= Arne Taraldsen =

Norwegian artist and resistance member

Arne Taraldsen (12 November 1917 – 2 August 1989) was a Norwegian artist and resistance member during the occupation of Norway by Nazi Germany. He started his drawing career with underground publications during World War II.

==Early and personal life==
Taraldsen was born in Kristiania, as the son of Paul Egil Taraldsen and Kristine Marie. Although he attended evening classes in arts and crafts school during the 1930, he was largely self-taught. He studied for some time at the Norwegian National Academy of Craft and Art Industry.

==World War II==
In 1940, Taraldsen participated in the fights in Northern Norway. He later joined Peder Furubotn's group of partisans in Valdres. He was a security guard at the headquarters of the Norwegian Communist Party, while he also illustrated publications issued by the Communist Party, such as underground newspapers, books, stickers, flyers and posters. He signed his illustrations with pen names such as "stjerne", "Stjernetarald", "Vidar Vangen" or "Kaare Brattaas". Among his illustrations is the front page of Asbjørn Sunde's handbook for saboteurs, and stickers for matchboxes. During the Operation Almenrausch in June 1944 Taraldsen was among the group of people who escaped from the German soldiers. The small group, including Furubotn and his family, a small baby, and Taraldsen as the machine-gunner, managed to escape through the woods while hunted by several hundred troops.
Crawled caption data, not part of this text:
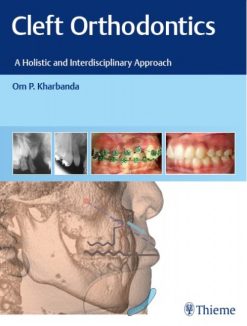 Cleft Orthodontics A Holistic and Interdisciplinary Approach (Original PDF from Publisher)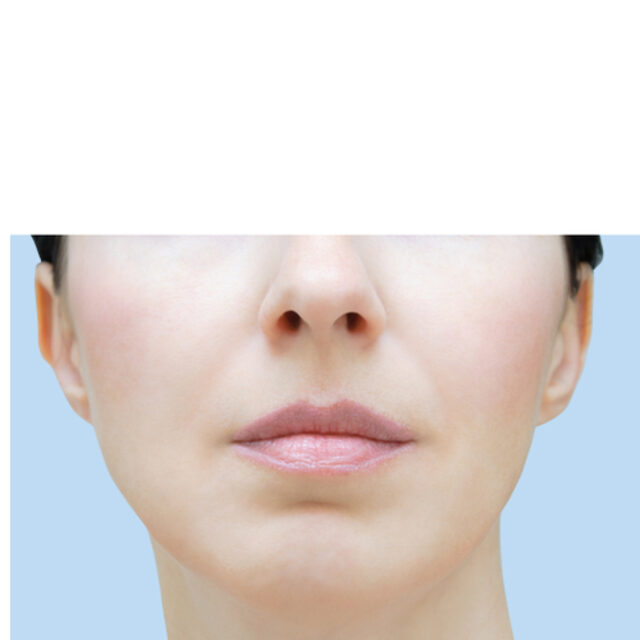 Mundwinkel-Lifting – Behandlung bei Premium Aesthetic Wolfsburg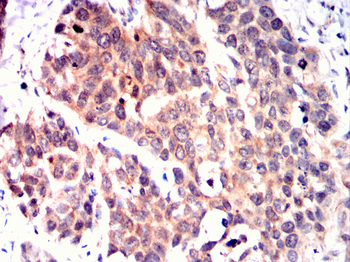 ERBB2 Antibody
Taraldsen's illustration of the incident is based on Erik Werenskiold's painting Trollene paa Hedalsskogen.

==Post-war life==
After the war Taraldsen worked as an illustrator for the Communist newspaper Friheten and the Socialist newspaper Orientering. He has later been running an advertising agency, and has made illustrations for the tourist business, such as postcards, maps and troll figures. He died in Voss Municipality in 1989.